# Popularity Prediction
## Problem 1.1
As a preliminary step, we calculated the following statistics to get a holistic overview of the twitter dataset.

In [6]:
import json
import numpy as np
import pandas as pd
import matplotlib.pyplot as plt
%matplotlib inline 

import os
import tqdm #python for loop progress bar

import datetime, time
import pytz



In [7]:
#these values were found via wc -l in CLI
hashtag_dict = {
    'gohawks':188136,
    'gopatriots':26232,
    'nfl':259024,
    'patriots':489713,
    'sb49':826951,
    'superbowl':1348767
}

In [8]:
def build_matrix(raw_df, index='date', mat_type='full'):
    """
    Iterates through the rows of the created dataframe and performs summing, maxes, and 
    creates time series
    """
    raw_df = raw_df.set_index(index)
    time_series = raw_df.groupby(pd.TimeGrouper(freq='60Min'))
    
    X = np.zeros((len(time_series), 8))
    y = np.zeros((len(time_series), 1))
    for i, (time_interval, g) in enumerate(time_series):
        """
        #get the date for sorting
        date = datetime.fromtimestamp(tweet_data['firstpost_date'])
        df.set_value(i, 'date', date)
        df.set_value(i, 'total_tweets', 1)
        df.set_value(i, 'total_retweets', tweet['metrics']['citations']['total'])
        
        #will sum and take max in post processing
        df.set_value(i, 'sum_followers', tweet['author']['followers'])
        df.set_value(i, 'max_followers', tweet['author']['followers'])
        df.set_value(i, 'total_replies', tweet['metrics']['citations']['replies'])
        df.set_value(i, 'total_ranking', tweet['metrics']['ranking_score'])
        df.set_value(i, 'total_impressions', tweet['metrics']['impressions'])


        """
        if(mat_type is 'full'):
            X[i, 0] = g.total_tweets.sum()
            X[i, 1] = g.total_retweets.sum()
            X[i, 2] = g.sum_followers.sum()
            X[i, 3] = g.max_followers.max()
            X[i, 4] = time_interval.hour     #store the hour of the day -> preserve order
            X[i, 5] = g.total_replies.sum()
            X[i, 6] = g.total_ranking.sum()
            X[i, 7] = g.total_impressions.sum()
        elif(mat_type is 'partial'):
            X[i, 0] = g.total_tweets.sum()
            X[i, 1] = g.total_retweets.sum()
            X[i, 2] = g.sum_followers.sum()
            X[i, 3] = g.max_followers.max()
            X[i, 4] = time_interval.hour     #store the hour of the day -> preserve order

            
        y[i, 0] = g.total_tweets.sum()
        
    return np.nan_to_num(X[:-1]), y[1:]

In [11]:
%%time
def load_data(filename=None):
    with open(filename, 'r') as file:
        df = pd.DataFrame(index=range(num_tweets),
                         columns=['date', 'total_tweets', 'total_retweets', 'sum_followers',
                                 'max_followers', 'total_replies', 'total_ranking',
                                 'total_impressions'])

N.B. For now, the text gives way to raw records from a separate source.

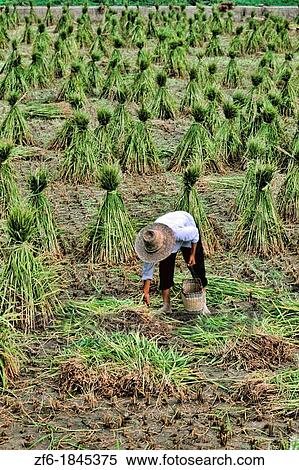 Farmer in rice fields of Guilin China. View Large Photo Image Stock Photography - Farmer in rice fields of Guilin China.. Fotosearch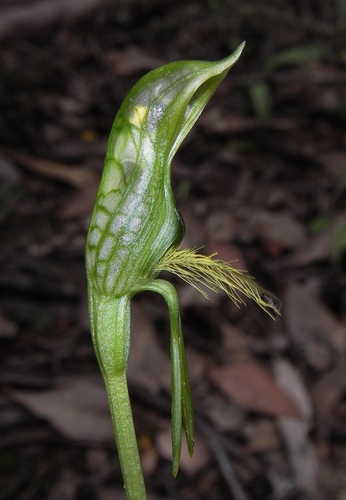 bearded greenhood (Pterostylis plumosa)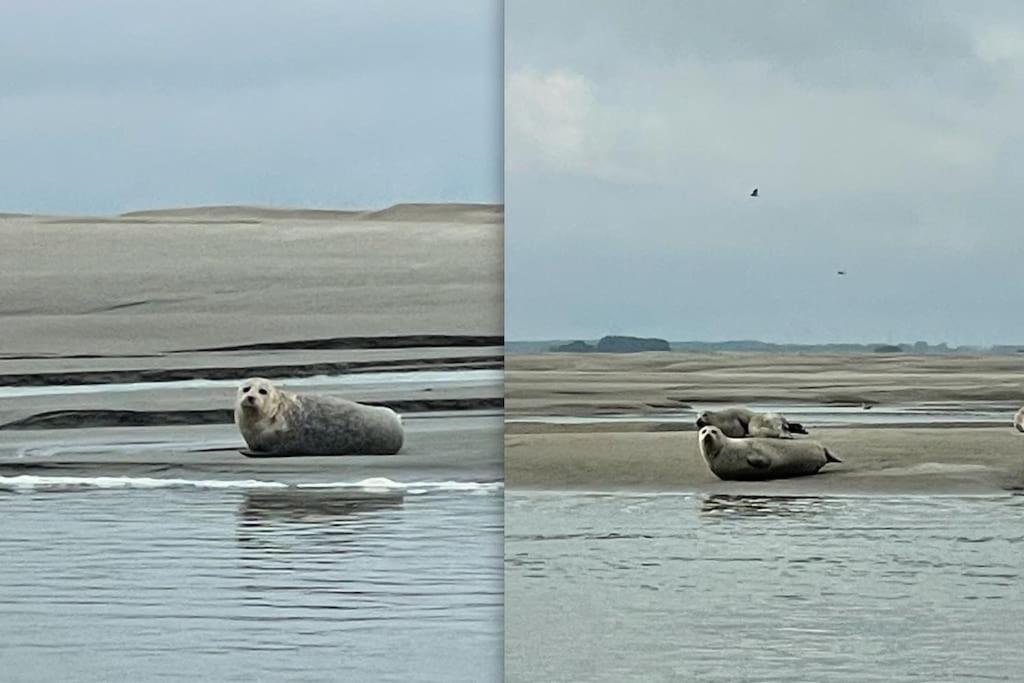 Appartamento En Plein Coeur Du Crotoy, Un Pied A Terre En Baie Le Crotoy Esterno foto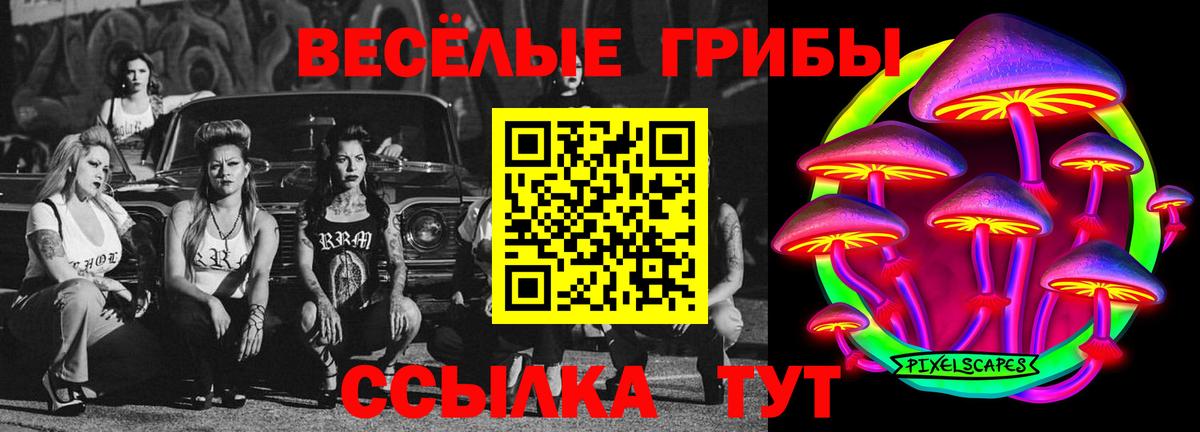 Галлюциногенные грибы Magic Shrooms  Вход с VPN  Бутурлиновка  Галлюциногенные грибы Cubensis 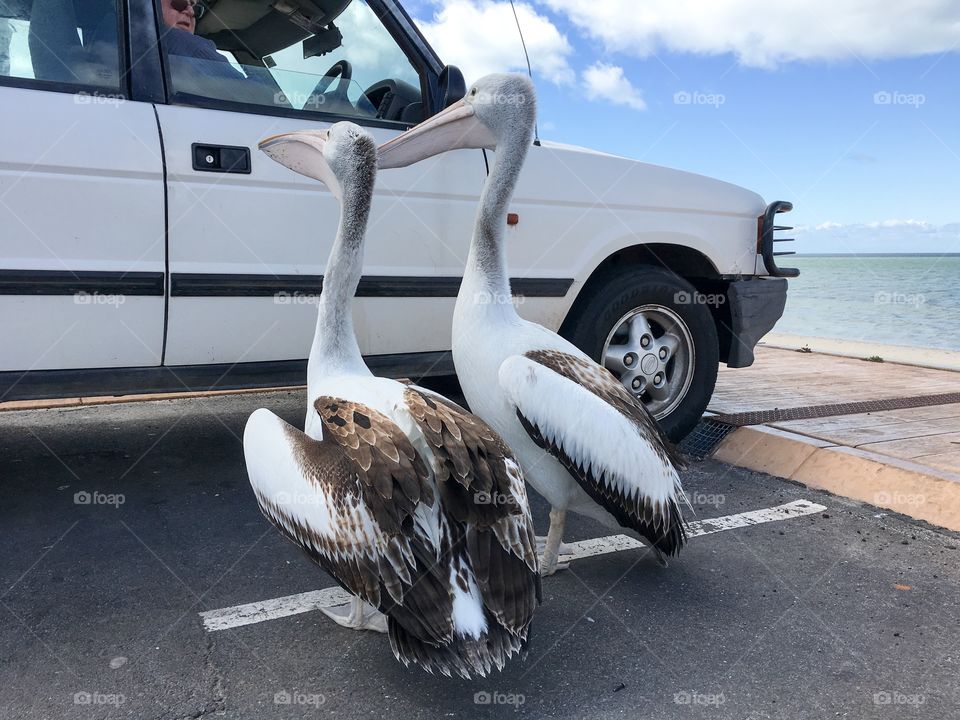 Two Pelicans looking for food hand-outs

#total_tweets, total_retweets, sum_followers, 
#max_followers, time_of_day, toatl_replies, total_ranking, total_impressions
        for i, l in tqdm.tqdm(enumerate(file), total=num_tweets):

        #pandas df has first element as index and second as col
            tweet = json.loads(l)

            #get the date for sorting
            date = datetime.datetime.fromtimestamp(tweet['firstpost_date'])
            df.set_value(i, 'date', date)
            df.set_value(i, 'total_tweets', 1)
            df.set_value(i, 'total_retweets', tweet['metrics']['citations']['total'])

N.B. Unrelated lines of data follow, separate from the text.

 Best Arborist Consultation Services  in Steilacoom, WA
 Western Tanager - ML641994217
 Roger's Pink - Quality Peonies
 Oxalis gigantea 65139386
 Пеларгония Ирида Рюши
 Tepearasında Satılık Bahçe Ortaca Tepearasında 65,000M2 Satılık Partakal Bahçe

            #will sum and take max in post processing
            df.set_value(i, 'sum_followers', tweet['author']['followers'])
            df.set_value(i, 'max_followers', tweet['author']['followers'])
            df.set_value(i, 'total_replies', tweet['metrics']['citations']['replies'])
            df.set_value(i, 'total_ranking', tweet['metrics']['ranking_score'])
            df.set_value(i, 'total_impressions', tweet['metrics']['impressions'])

        return df

   # print('#%s' % hashtag)
   # print('\tAvg # of tweets / hour = %.3f' % (total_tweets / total_hours))
   # print('\tAvg # of followers / user = %.3f' % (total_followers / total_users))
   # print('\tAvg # of retweets / tweet = %.3f' % (total_retweets / total_tweets))

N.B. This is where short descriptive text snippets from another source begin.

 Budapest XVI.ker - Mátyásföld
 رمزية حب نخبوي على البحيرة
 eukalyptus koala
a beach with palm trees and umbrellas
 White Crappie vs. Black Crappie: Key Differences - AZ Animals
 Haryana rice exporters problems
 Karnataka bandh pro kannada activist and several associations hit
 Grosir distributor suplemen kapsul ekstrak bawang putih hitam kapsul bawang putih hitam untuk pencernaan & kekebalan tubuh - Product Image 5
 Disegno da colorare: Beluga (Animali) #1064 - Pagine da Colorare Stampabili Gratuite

CPU times: user 5 µs, sys: 0 ns, total: 5 µs
Wall time: 8.82 µs


In [None]:
data = {}
for hashtag, num_tweets in hashtag_dict.items():
    print("---")
    print("Hashtag: ", hashtag, " with ntweets: ", num_tweets)
    print("---")
    data[hashtag] = load_data(os.path.join('tweet_data','tweets_#' + hashtag +'.txt'))

  0%|          | 799/188136 [00:00<00:23, 7987.27it/s]

---
Hashtag:  gohawks  with ntweets:  188136
---


100%|██████████| 188136/188136 [00:19<00:00, 9468.04it/s]
  4%|▎         | 923/26232 [00:00<00:02, 9223.81it/s]

---
Hashtag:  gopatriots  with ntweets:  26232
---


100%|██████████| 26232/26232 [00:02<00:00, 9843.60it/s] 
  0%|          | 707/259024 [00:00<00:36, 7068.24it/s]

---
Hashtag:  nfl  with ntweets:  259024
---


100%|██████████| 259024/259024 [00:29<00:00, 8930.42it/s]
  0%|          | 0/489713 [00:00<?, ?it/s]

---
Hashtag:  patriots  with ntweets:  489713
---


100%|██████████| 489713/489713 [00:49<00:00, 9795.44it/s]


---
Hashtag:  sb49  with ntweets:  826951
---


 56%|█████▌    | 462160/826951 [00:50<00:39, 9239.05it/s]

In [None]:
frames = [data['gohawks'], 
          data['gopatriots'], 
          data['nfl'], 
          data['patriots'], 
          data['sb49'], 
          data['superbowl']]
frame_hashtags=['gohawks', 'gopatriots', 'nfl', 'patriots', 'sb49', 'superbowl']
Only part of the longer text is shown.